The goalscoring charts in C1  have been dominated by two old stager’s. Ciro Ginestra, Sorrento’s big summer signing from Crotone and Denis Godeas, Triestina’s seasoned campaigner both head the hot shot list of their respective divisions. Godeas’s form in front of goal for the Unione is the only piece of positive news to come out of the club after they announced this week that they are bankrupt with debts totaling six million euros and club president Sergio Aletti facing a possible prison sentence.

Casale, the club with the star on their shirts, have been playing like superstars in the first half of the season and head up the C2A championship by four points going into the winter break. Staying in division A, many congratulations must go to young San Marino striker Gianluca Lapadula. The 21-year-old hit-man on loan from Parma heads the goalscoring table having found the net on 13 occasions so far this campaign.

It is  in C2B where the real fairytale story is beginning to develop with former Serie A representatives Perugia leading the rest by five points. Less than two years ago the club was declared bankrupt and had to start all over again in Serie D, Italy’s fifth division. But, under the tutelage of coach Pier Francesco Battistini, the club has undergone a road to Damascus style recovery and are now facing the very real prospect of back to back promotions as the good times return to the Stadio Renato Curi.

Another success story coming out of division B involves the club that were the last to be allowed to compete in the C2 championship. Catanzaro, who were staring into oblivion last summer have had a memorable four months since the start of the new campaign to consolidate third place in the winter standings. It was only in late August that the club secured their place in the division thanks mainly to the financial clout of club president Giuseppe Cosentino who salvaged the Calabrians from financial meltdown.

Looking ahead to 2012

With over 400 players in Lega Pro under the age of 21 promoting youth development has never been more important, so it was a major coup for Lega president Mario Macalli to secure the services of Marcello Lippi as an ambassador for the championship to help the controlling powers attempt to encourage more clubs to invest in younger players. At the end of January, the best young talent in Lega Pro will be showcased at the 32nd Quadrangular tournament taking place in Normanna and Avellino. The competition is made up of four representative teams from C1 A and B and C2 A and B consisting of teams featuring the best players under the age of 21. The two semi-finals will see C1A take on C2A and C1B go head to head with C2B with the two winners progressing to the final in Avellino in late January.

In February, Spezia, Viareggio, Poggibonsi, Arzanese and Virtus Entella will be Lega Pro’s representatives at the 64th Viareggio Cup, the most important youth tournament in world football. Off the field, a new television deal with Italian sports broadcaster Sportitalia along with the current agreement with Rai Sport, ensures that two games are now shown live each week giving more exposure to clubs in the lower reaches.

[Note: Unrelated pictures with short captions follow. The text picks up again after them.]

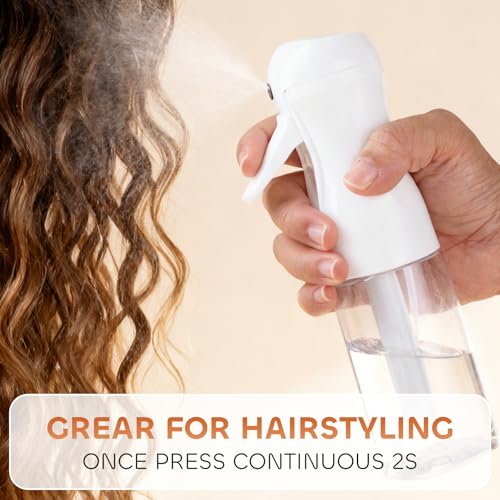 AMOMELA 2-Pack Continuous Spray Bottle for Hair & Plants - 200ml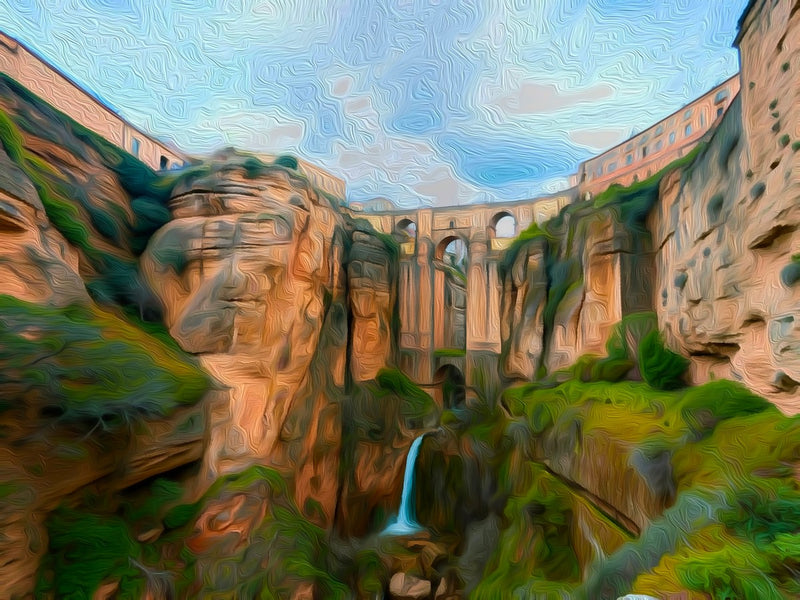 Puente Nuevo Bridge Gorge, Ronda canvas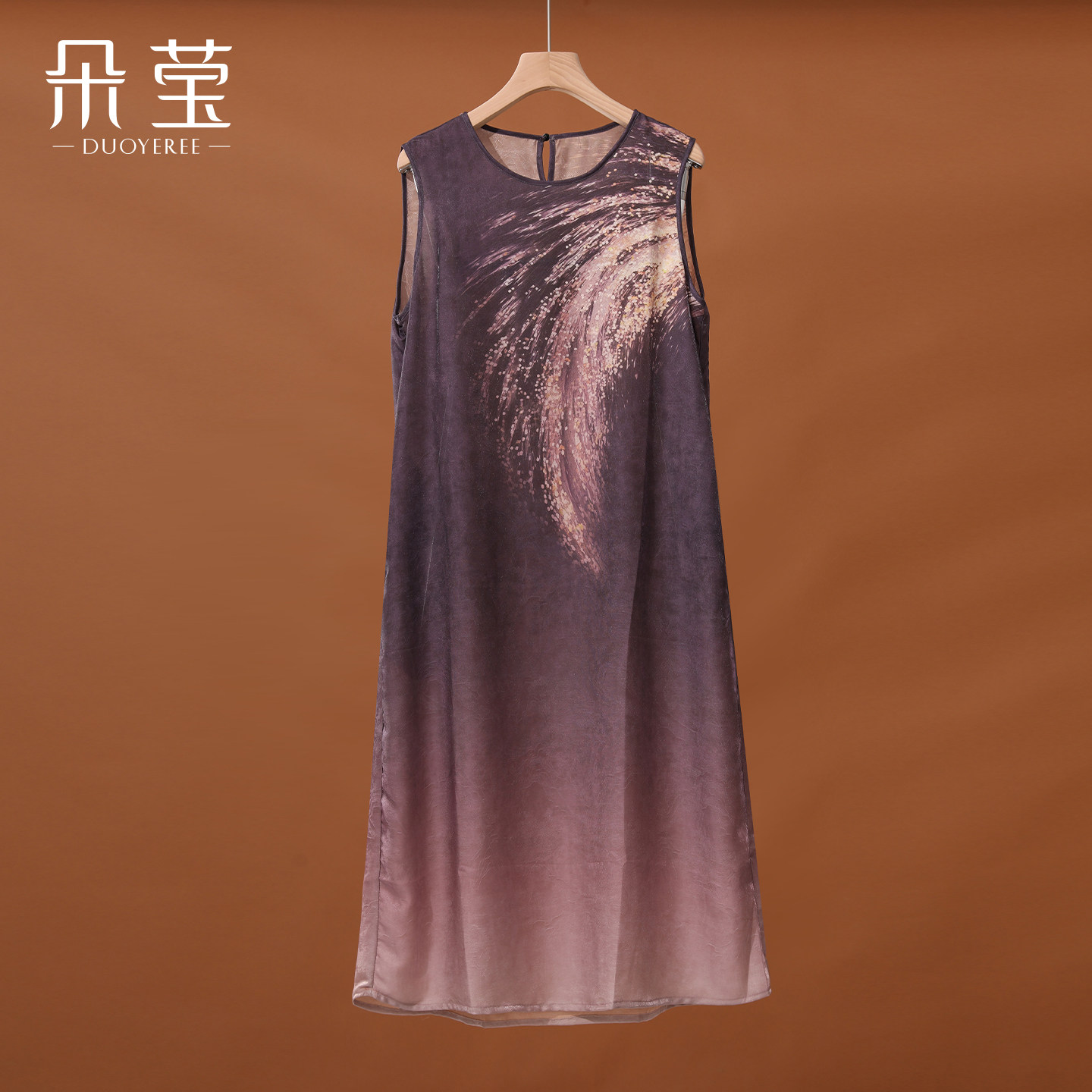 母亲节礼物妈妈夏装无袖连衣裙2026新款中老年女装大码背心长裙子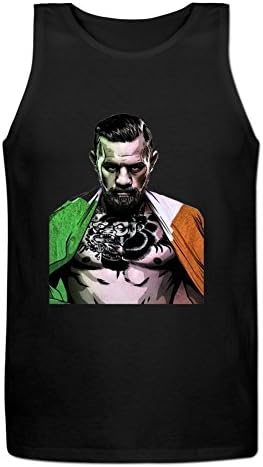Yuanfang Nong Mens UFC Conor McGregor Sleeveless Tank Tops S Black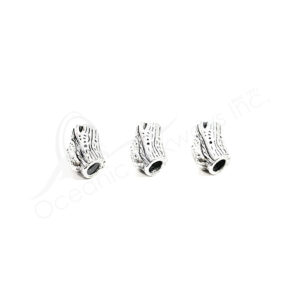 (CLOSE OUT) BEADS - METAL CURVED TUBE WOOD BRANCH (PK 100) 11 MM L X 5 MM D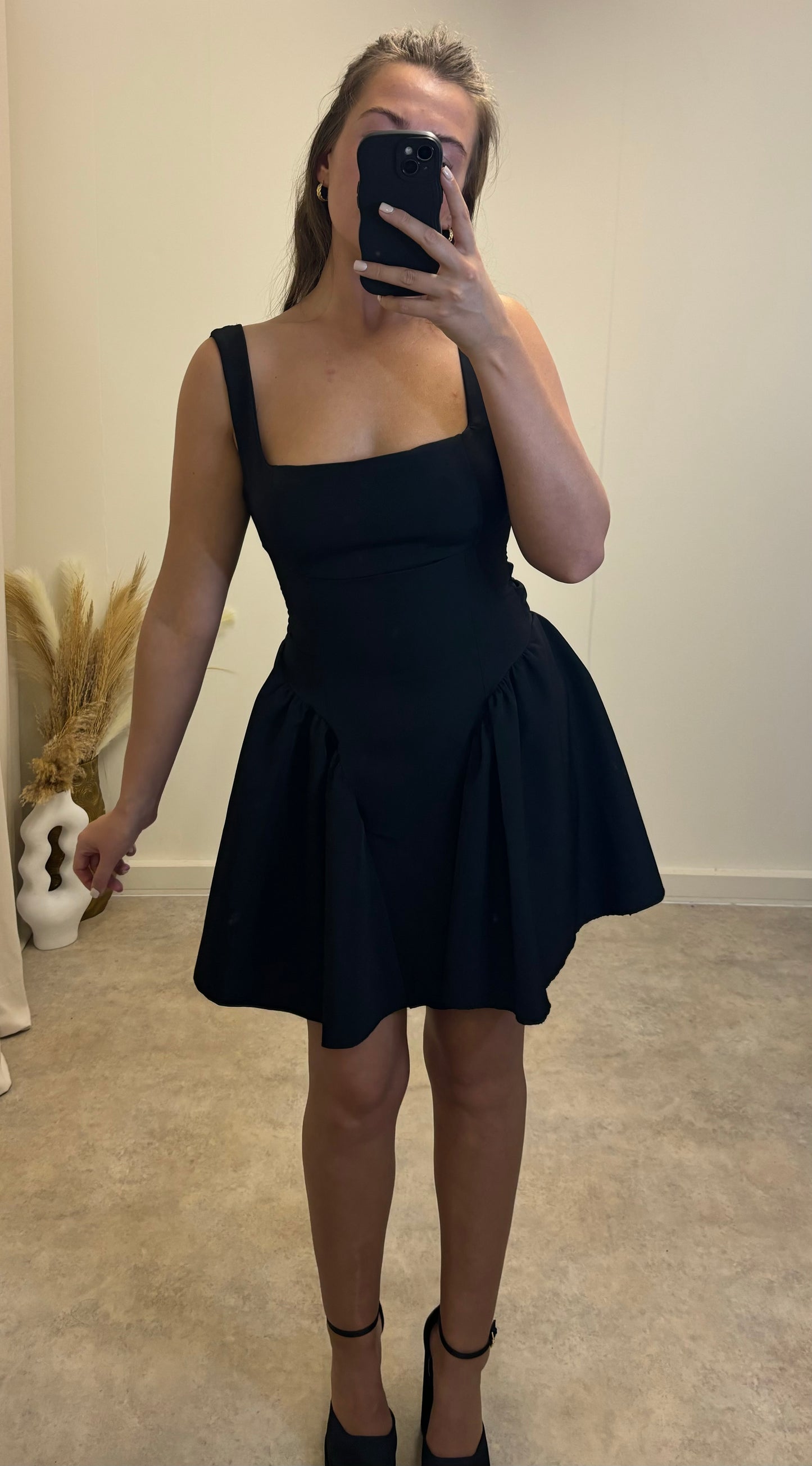 BOW backless skater dress
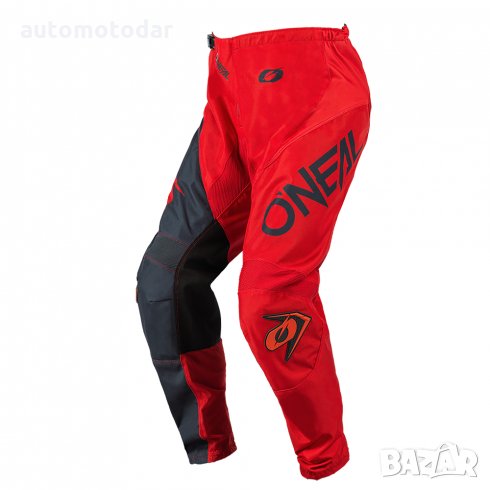 Мотокрос брич O’NEAL ELEMENT RACEWEAR RED/GRAY 2021, снимка 1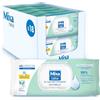 Mixa Salviette per neonati detergenti ad acqua naturale, confezione da 18 x 48 salviette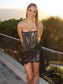 Sexy Lace See-through Splicing Waist Tube Mini Dress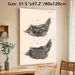 Equine Thoracic Anatomy Painting Poster, Vintage Monochrome Labeled Equine Chest Muscle & Skeletal Illustration Poster, Informative Medical Artwork_maomaolike.com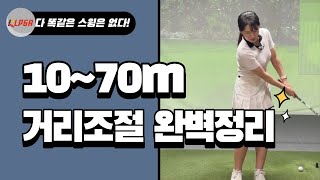 다 같은 스윙은 없다  10m70m 스윙크기 설명  투어프로 팁 [upl. by Buhler945]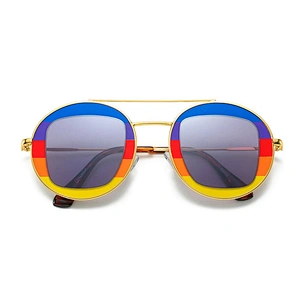 New stylish metallic frame sunglasses for men and women outdoor driving sunglasses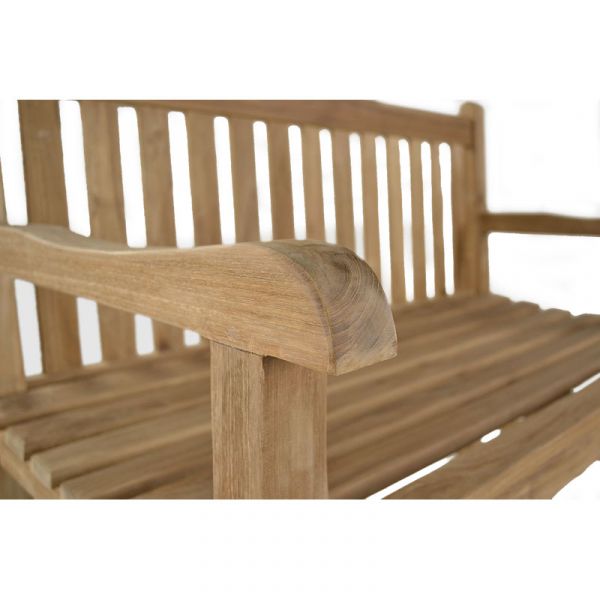 Warwick Teak Bench - Grade A Teak Garden Seat - 150cm Length - 3 Person Classic Design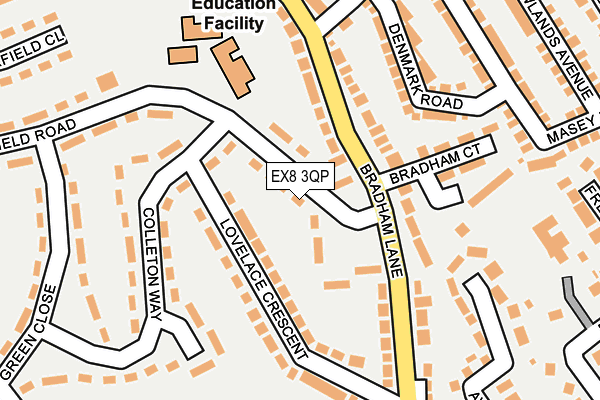 EX8 3QP map - OS OpenMap – Local (Ordnance Survey)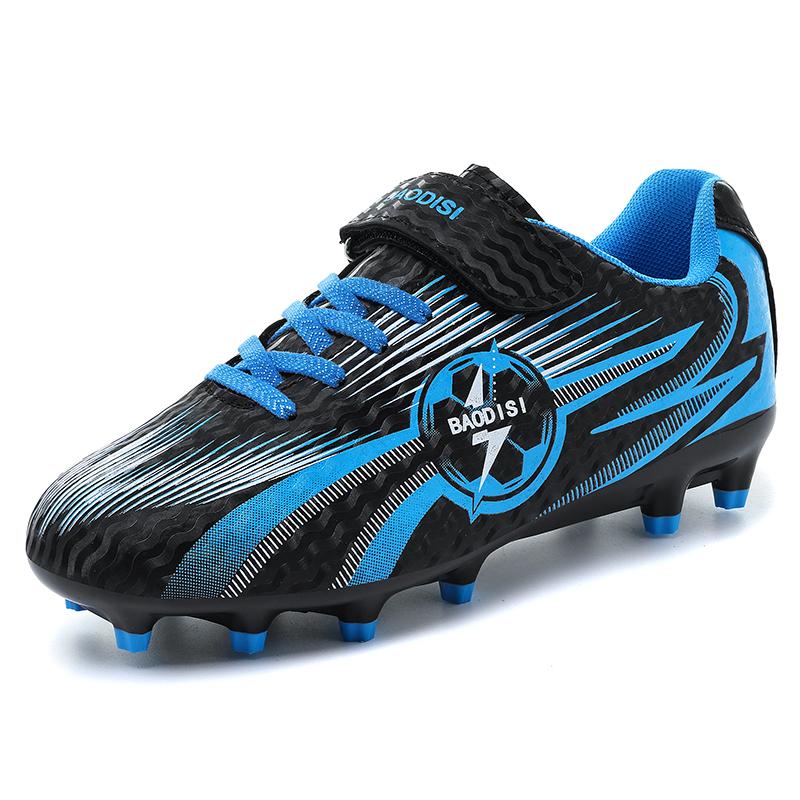 28-39 Boys Football Boots AG/TFSpike Rubber Soft Sole Kid's Professional Artificial Turf Training Football Boots for Girls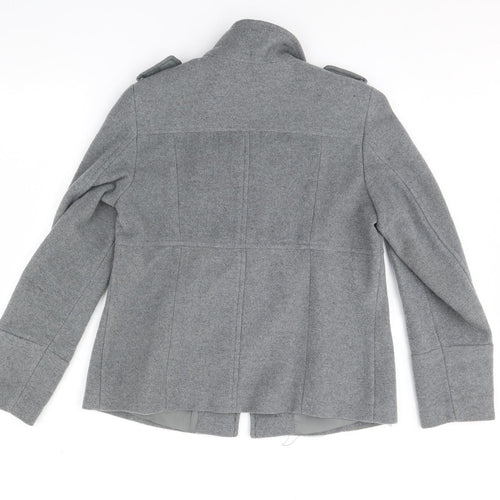 Dorothy Perkins Womens Grey   Jacket Coat Size 12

The most controversial topic of conversation going into the New Year centres around the possibility of making Lega Pro a more condensed championship by having just three divisions (North, Central and South)consisting of 20 teams in each. Reports coming out of the peninsula suggest that president Macalli is in favour of restructuring the league but such a move would be sure to face stiff opposition from certain quarters.